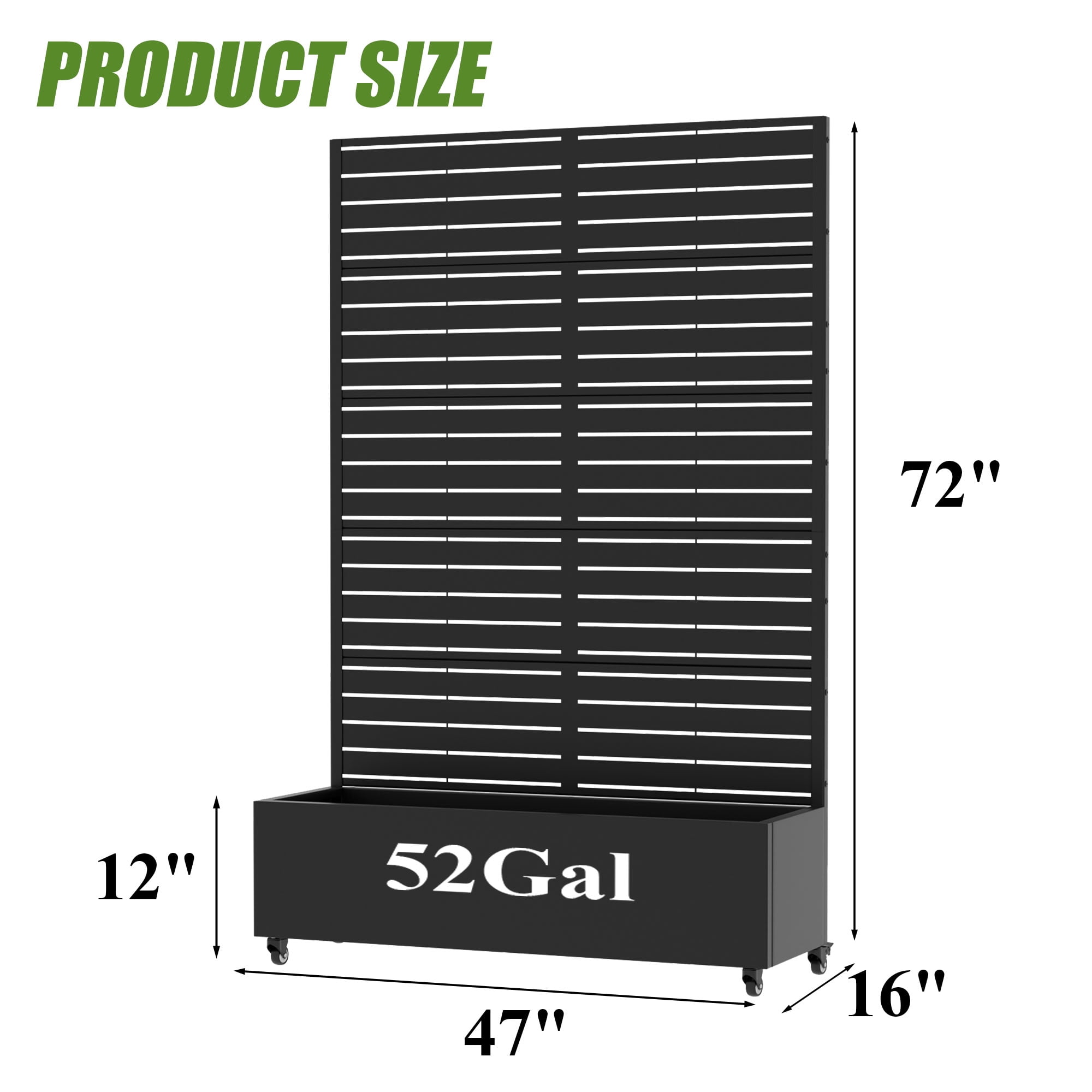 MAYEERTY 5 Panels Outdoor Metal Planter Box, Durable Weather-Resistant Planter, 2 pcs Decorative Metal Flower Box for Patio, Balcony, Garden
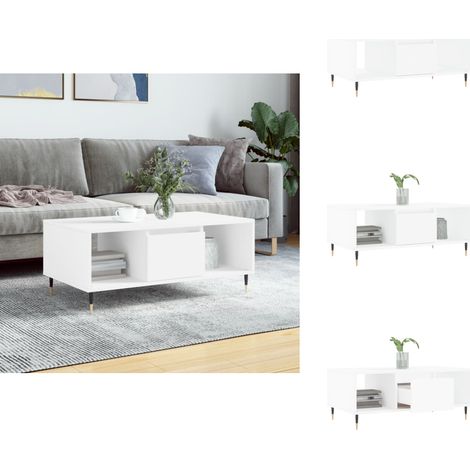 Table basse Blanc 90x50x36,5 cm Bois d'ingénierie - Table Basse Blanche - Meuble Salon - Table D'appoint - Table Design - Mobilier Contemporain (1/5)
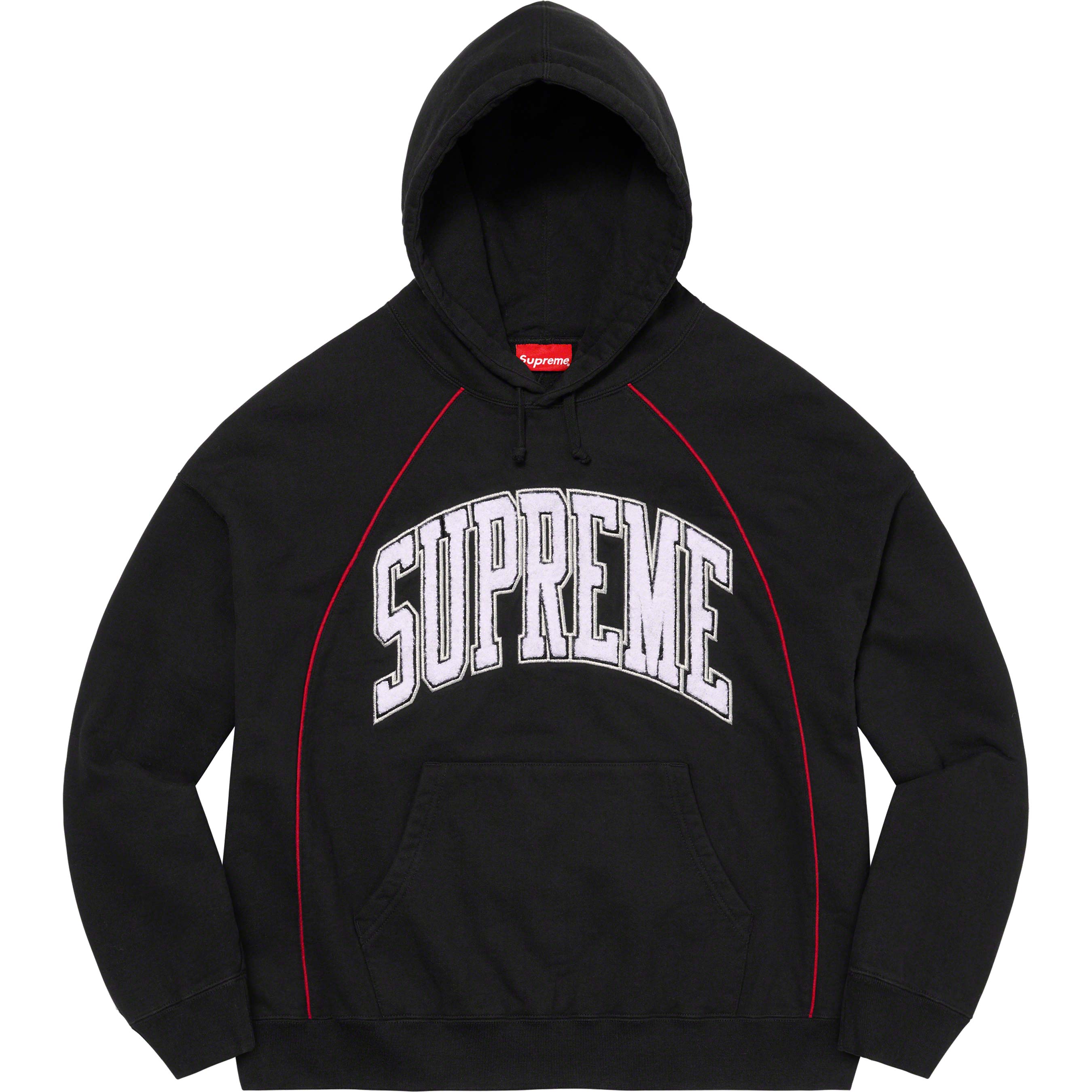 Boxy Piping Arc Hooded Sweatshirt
──────
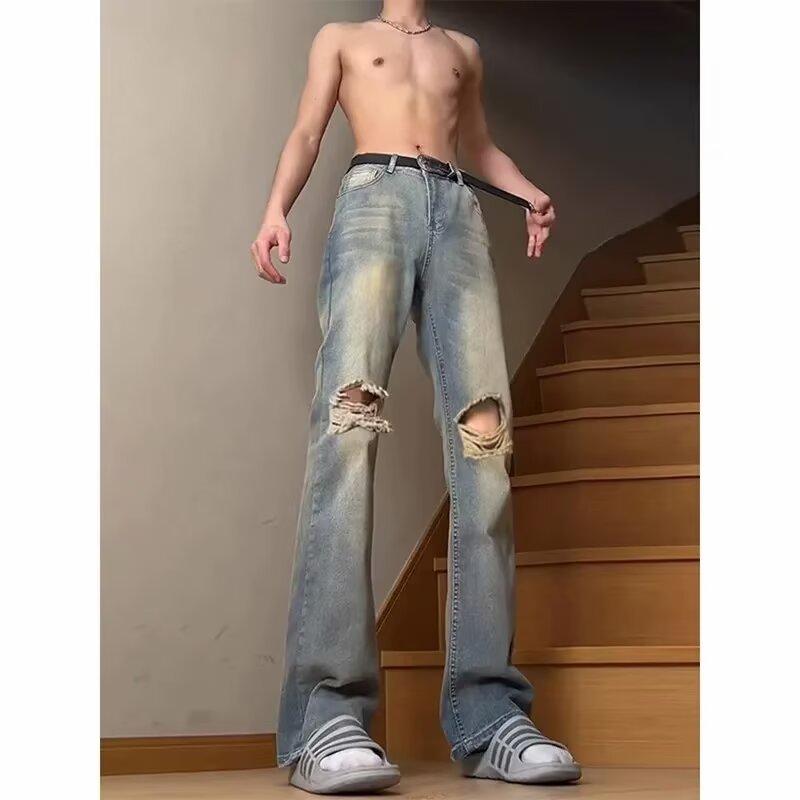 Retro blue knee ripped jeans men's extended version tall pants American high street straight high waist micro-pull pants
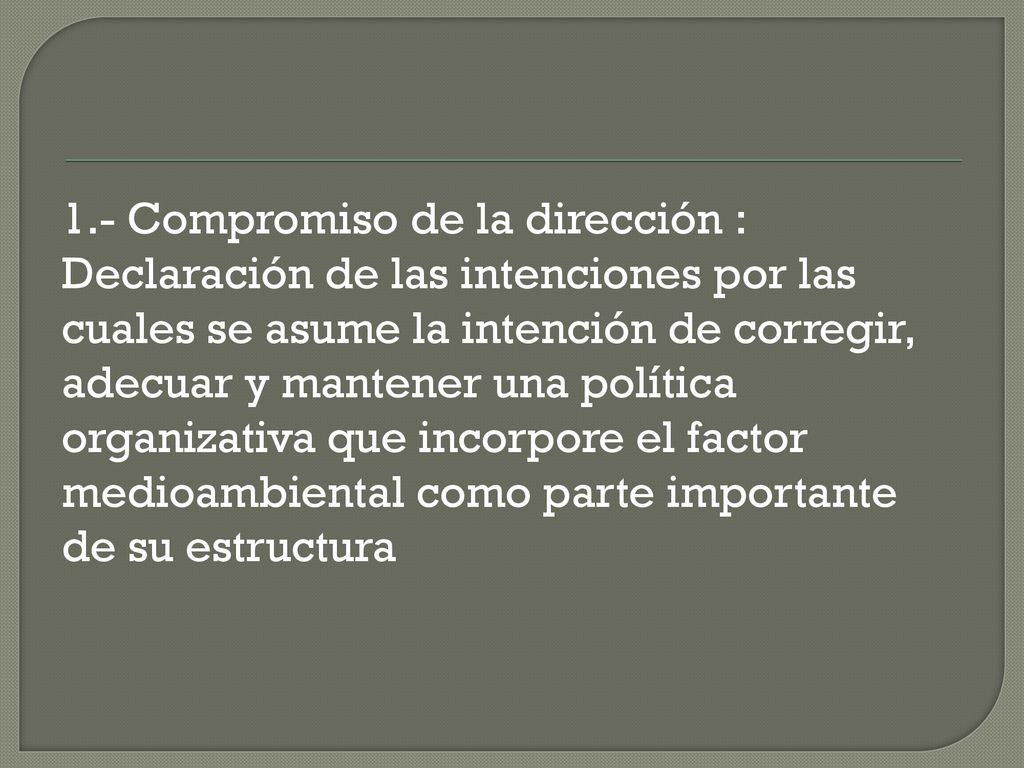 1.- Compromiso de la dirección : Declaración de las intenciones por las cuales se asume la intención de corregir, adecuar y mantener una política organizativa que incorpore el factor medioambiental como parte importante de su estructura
──────
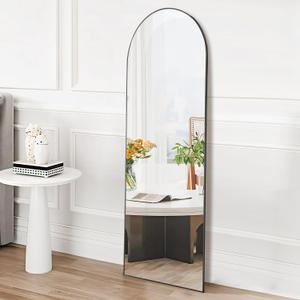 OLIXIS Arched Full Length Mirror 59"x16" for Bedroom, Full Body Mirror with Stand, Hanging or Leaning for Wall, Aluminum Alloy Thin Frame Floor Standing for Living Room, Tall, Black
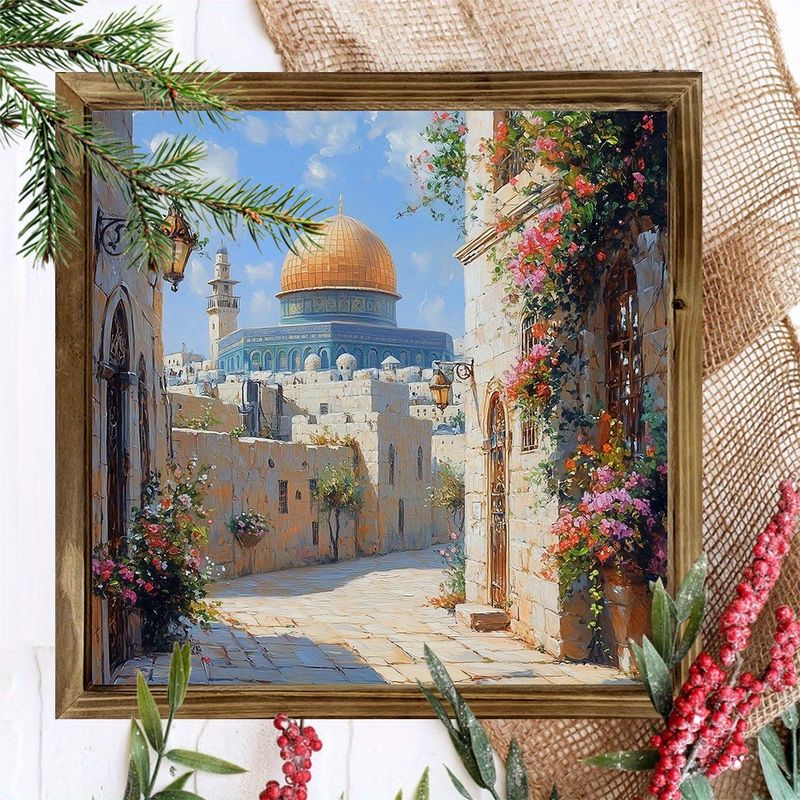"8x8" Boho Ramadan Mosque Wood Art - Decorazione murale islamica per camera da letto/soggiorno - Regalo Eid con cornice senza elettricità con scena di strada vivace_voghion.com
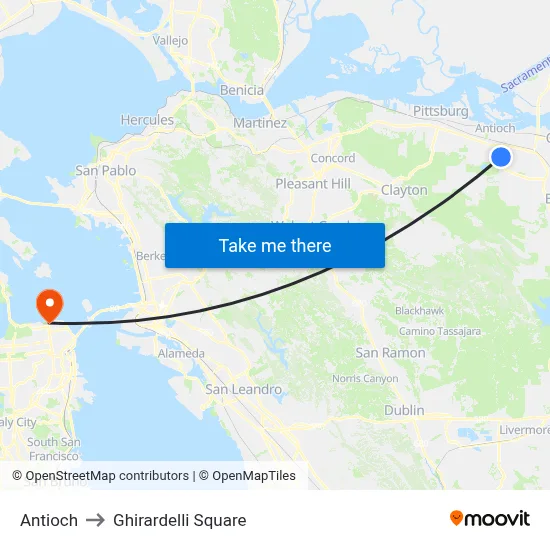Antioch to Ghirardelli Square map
──────
◆ **What the task requires**
What are the lines in the records above, word for word, from the one containing "MAYEERTY 5 Panels" through the one containing "Boxy Piping Arc Hooded Sweatshirt", both ends included and pictures left out?

◆ **Exercise answer**
 MAYEERTY 5 Panels Outdoor Metal Planter Box, Durable Weather-Resistant Planter, 2 pcs Decorative Metal Flower Box for Patio, Balcony, Garden
 Table basse Blanc 90x50x36,5 cm Bois d'ingénierie - Table Basse Blanche - Meuble Salon - Table D'appoint - Table Design - Mobilier Contemporain (1/5)
 Boxy Piping Arc Hooded Sweatshirt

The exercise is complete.